Kürtlerin her zaman güçlünün yanında yer alıp güçsüzü ezdiğini iddia ediyorsunuz. Buna ancak azı dişleriyle gülerdim ancak Din’im bunu bana yasaklıyor. Af edersiniz ancak İngiliz uçakları 80 küsur sene evvel arapların çıkarları için kürt mücahitleri bombalarken, Fransızlar denetimlerindeki Suriye’de Demiryollarından Kemal Paşa askerlerini Şeyh Sait mücahitleri üzerine salarlarken. Kadı Muhammed’in Devletini ABD-Sovyet işbirliği yıkarken acaba aynı Kürtler neden hiç destek alamadılar. Kürtler bugün birkaç aşiretin birleşmesinden devletleşen hicaz emirliklerinin neden arkasında kaldılar. Artık bırakın şu sol şablonculuğu ve size zor olan birşeyi deneyin Dürüst olun.
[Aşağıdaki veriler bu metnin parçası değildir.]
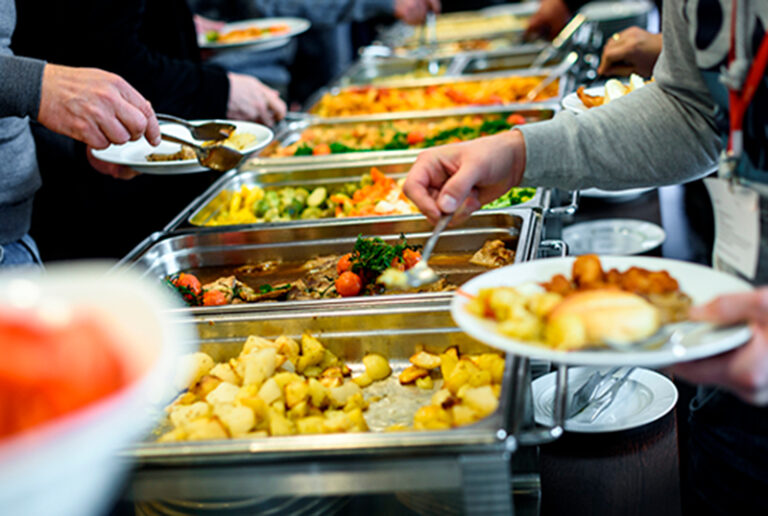 Sexta cidade mais cara para se comer fora de casa oferece Self Popular por R$27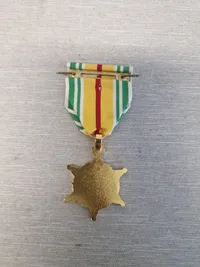 Original Republic Of Vietnam Wound Medal
(Chiến-Thương Bội-Tinh)
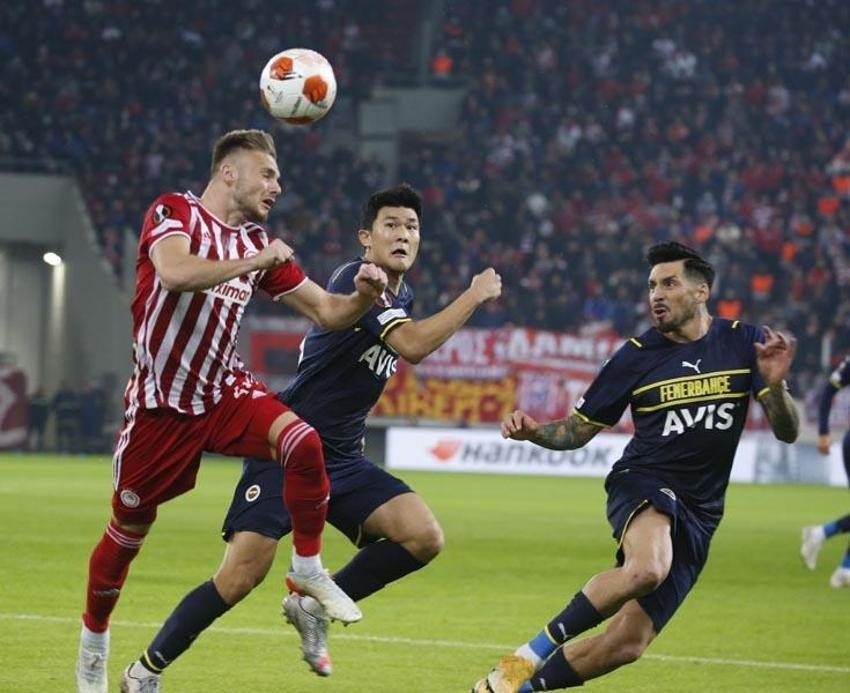 Fenerbahçe Olympiakos karşısında 89'da yedi futbolcular resmen yıkıldı! Maçtan sonra Vitor Pereira önce çılgına döndü sonra oyuncularına...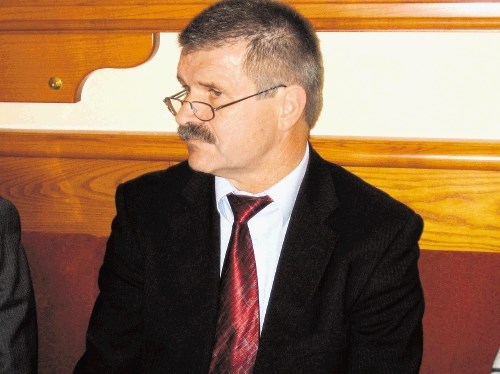 Župan občine Komenda Tomaž Drolec (na fotografiji) trdi, da ni vedel, da je bila tašča njegove hčere solastnica podjetja...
Emperyalizm’in insan hakları ve demokrasi taleplerini soğuk savaş sonrası tek kutuplu dünyada kendi çıkarlarını korumak için kalkan olarak gördüğünü iddia ediyorsunuz, yani bir anlamda sizin için Kürtler büyük sömürgeci güçlerin kuklaları ve partileri büyük güçlerin piyonları. Bu lafınızı okuyunca içimden sadece suratınıza tükürmek geliyor. Bugün bu kürt-sol çevrelerinin neden bu kadar çabuk teslimeyetçi olduklarını sizin bu son yazınızdan daha iyi anlıyorum. Sizde kürtlük bir milli değil ideolojik kimlik. Siz kitaplar aracılığıyla ideolojiniz için kürt olmuşsunuz durum böyle olunca ideolojik çıkarlarınız için bir çırpıda kürtlüğünüzü ayaklarınızın altında eziyorsunuz. İşte bu yüzden siz solcular kürtlük adına işe başlayınca bir insan kazanırken on insan kaybettiriyorsunuz. ÇÜnkü bizzat kendiniz Kürtlüğünüzle çelişiyorsunuz.Sizin naylon kürtlüğünüz toplum tarafından destek görmüyor sadece duygusal bir destek alıyorsunuz ve başarıya ulaşamıyorsunuz. Çünkü sizin başarınız bu halkın başarısızlığıdır.
Kürt kimliği dayatma ile değil bu halkın yıllardır gösterdiği kahraman direnişci tavır ile kazanıldı. Bunu aklınıza artık koyun. Bu halk birilerinin uşağı değildir eğer ortada bir uşak var ise oda sizlersiniz.